(Data items)
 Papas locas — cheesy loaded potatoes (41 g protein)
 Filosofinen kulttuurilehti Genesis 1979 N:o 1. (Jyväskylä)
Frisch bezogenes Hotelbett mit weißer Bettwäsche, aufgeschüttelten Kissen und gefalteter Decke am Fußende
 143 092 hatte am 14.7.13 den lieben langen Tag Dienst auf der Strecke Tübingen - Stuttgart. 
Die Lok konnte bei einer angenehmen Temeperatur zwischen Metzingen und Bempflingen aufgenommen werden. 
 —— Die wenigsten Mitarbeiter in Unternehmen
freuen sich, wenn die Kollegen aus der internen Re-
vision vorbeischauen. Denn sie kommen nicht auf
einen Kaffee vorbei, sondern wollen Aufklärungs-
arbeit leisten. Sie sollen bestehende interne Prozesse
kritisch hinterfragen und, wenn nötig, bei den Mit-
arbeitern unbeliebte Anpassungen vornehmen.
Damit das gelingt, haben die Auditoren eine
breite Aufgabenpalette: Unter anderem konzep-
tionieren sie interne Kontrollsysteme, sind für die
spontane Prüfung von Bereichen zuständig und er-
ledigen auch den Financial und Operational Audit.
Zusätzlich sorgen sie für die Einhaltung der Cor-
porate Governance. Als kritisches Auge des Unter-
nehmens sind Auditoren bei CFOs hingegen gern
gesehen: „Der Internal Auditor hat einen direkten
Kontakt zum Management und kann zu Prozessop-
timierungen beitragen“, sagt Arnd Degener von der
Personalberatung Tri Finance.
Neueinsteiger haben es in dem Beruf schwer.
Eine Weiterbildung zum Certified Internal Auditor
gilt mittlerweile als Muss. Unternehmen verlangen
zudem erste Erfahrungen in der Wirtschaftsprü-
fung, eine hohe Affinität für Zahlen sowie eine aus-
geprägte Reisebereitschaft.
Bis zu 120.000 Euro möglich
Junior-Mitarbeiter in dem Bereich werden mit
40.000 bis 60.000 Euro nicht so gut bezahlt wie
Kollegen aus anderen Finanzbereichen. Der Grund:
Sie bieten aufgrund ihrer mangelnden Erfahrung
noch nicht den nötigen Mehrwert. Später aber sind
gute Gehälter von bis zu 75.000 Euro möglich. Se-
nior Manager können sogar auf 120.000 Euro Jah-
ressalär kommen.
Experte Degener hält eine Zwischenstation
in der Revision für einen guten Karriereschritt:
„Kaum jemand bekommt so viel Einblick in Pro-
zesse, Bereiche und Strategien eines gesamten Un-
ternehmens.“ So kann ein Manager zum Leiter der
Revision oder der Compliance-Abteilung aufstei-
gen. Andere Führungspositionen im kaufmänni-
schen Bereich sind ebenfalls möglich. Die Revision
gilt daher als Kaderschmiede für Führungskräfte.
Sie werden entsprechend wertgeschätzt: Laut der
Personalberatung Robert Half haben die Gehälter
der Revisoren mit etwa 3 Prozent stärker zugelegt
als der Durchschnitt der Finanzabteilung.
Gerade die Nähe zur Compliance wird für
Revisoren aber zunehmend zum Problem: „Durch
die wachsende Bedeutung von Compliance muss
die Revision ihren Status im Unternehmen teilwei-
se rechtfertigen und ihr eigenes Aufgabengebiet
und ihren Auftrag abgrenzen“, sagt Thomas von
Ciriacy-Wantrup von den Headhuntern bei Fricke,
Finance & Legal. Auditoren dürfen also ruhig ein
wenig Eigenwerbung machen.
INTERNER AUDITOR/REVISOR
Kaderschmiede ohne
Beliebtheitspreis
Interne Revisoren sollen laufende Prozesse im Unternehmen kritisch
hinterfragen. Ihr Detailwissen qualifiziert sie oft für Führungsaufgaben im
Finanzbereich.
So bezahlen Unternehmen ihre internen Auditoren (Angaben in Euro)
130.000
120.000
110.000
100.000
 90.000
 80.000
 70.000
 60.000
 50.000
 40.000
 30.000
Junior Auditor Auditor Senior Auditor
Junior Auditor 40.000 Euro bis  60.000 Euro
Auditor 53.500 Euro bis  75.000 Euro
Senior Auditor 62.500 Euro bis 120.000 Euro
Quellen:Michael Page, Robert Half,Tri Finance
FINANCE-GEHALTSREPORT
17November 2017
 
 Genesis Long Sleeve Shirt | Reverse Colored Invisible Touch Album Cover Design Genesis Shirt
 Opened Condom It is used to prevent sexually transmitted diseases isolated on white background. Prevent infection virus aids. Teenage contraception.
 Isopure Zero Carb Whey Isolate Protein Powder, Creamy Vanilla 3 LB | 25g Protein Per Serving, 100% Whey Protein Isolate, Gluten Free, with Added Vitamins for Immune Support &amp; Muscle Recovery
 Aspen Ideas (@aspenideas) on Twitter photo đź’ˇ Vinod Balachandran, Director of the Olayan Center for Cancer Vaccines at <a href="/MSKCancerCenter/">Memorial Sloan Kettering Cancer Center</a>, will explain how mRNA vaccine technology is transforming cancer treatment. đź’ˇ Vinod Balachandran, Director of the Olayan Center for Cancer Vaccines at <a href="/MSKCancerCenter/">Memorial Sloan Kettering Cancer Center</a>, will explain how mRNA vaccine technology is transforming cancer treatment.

TASK TO COMPLETE:
From the entries above, write out only the lines starting at the line that holds "Gerade die Nähe zur Compliance wird für" and ending at the line that holds "Isopure Zero Carb", keeping both and matching them exactly.

RESPONSE BOX:
Gerade die Nähe zur Compliance wird für
Revisoren aber zunehmend zum Problem: „Durch
die wachsende Bedeutung von Compliance muss
die Revision ihren Status im Unternehmen teilwei-
se rechtfertigen und ihr eigenes Aufgabengebiet
und ihren Auftrag abgrenzen“, sagt Thomas von
Ciriacy-Wantrup von den Headhuntern bei Fricke,
Finance & Legal. Auditoren dürfen also ruhig ein
wenig Eigenwerbung machen.
INTERNER AUDITOR/REVISOR
Kaderschmiede ohne
Beliebtheitspreis
Interne Revisoren sollen laufende Prozesse im Unternehmen kritisch
hinterfragen. Ihr Detailwissen qualifiziert sie oft für Führungsaufgaben im
Finanzbereich.
So bezahlen Unternehmen ihre internen Auditoren (Angaben in Euro)
130.000
120.000
110.000
100.000
 90.000
 80.000
 70.000
 60.000
 50.000
 40.000
 30.000
Junior Auditor Auditor Senior Auditor
Junior Auditor 40.000 Euro bis  60.000 Euro
Auditor 53.500 Euro bis  75.000 Euro
Senior Auditor 62.500 Euro bis 120.000 Euro
Quellen:Michael Page, Robert Half,Tri Finance
FINANCE-GEHALTSREPORT
17November 2017
 
 Genesis Long Sleeve Shirt | Reverse Colored Invisible Touch Album Cover Design Genesis Shirt
 Opened Condom It is used to prevent sexually transmitted diseases isolated on white background. Prevent infection virus aids. Teenage contraception.
 Isopure Zero Carb Whey Isolate Protein Powder, Creamy Vanilla 3 LB | 25g Protein Per Serving, 100% Whey Protein Isolate, Gluten Free, with Added Vitamins for Immune Support &amp; Muscle Recovery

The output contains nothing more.